• What you need to do: Within the records below, filter for lines carrying the word "Building" and copy them.
Records for this exercise: Begin
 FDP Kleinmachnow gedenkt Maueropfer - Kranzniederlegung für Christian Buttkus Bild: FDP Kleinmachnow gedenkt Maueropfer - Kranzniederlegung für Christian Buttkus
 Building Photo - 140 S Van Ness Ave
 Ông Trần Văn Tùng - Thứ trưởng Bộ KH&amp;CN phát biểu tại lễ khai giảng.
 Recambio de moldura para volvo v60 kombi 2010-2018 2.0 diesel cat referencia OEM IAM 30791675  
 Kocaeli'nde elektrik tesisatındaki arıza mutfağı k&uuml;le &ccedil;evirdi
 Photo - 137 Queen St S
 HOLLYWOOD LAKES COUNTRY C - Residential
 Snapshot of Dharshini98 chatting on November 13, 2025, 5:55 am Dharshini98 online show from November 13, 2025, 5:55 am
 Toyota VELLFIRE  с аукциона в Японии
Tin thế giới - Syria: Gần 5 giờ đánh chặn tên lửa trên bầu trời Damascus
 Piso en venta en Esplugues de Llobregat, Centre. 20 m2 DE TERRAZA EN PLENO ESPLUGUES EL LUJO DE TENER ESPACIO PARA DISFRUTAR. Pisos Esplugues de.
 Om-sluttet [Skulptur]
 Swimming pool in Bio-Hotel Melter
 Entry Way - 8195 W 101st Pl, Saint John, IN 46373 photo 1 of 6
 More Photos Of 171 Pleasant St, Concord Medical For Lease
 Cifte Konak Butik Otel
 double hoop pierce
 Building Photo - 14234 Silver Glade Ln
Records for this exercise: End
• Written answer:
 Building Photo - 140 S Van Ness Ave
 Building Photo - 14234 Silver Glade Ln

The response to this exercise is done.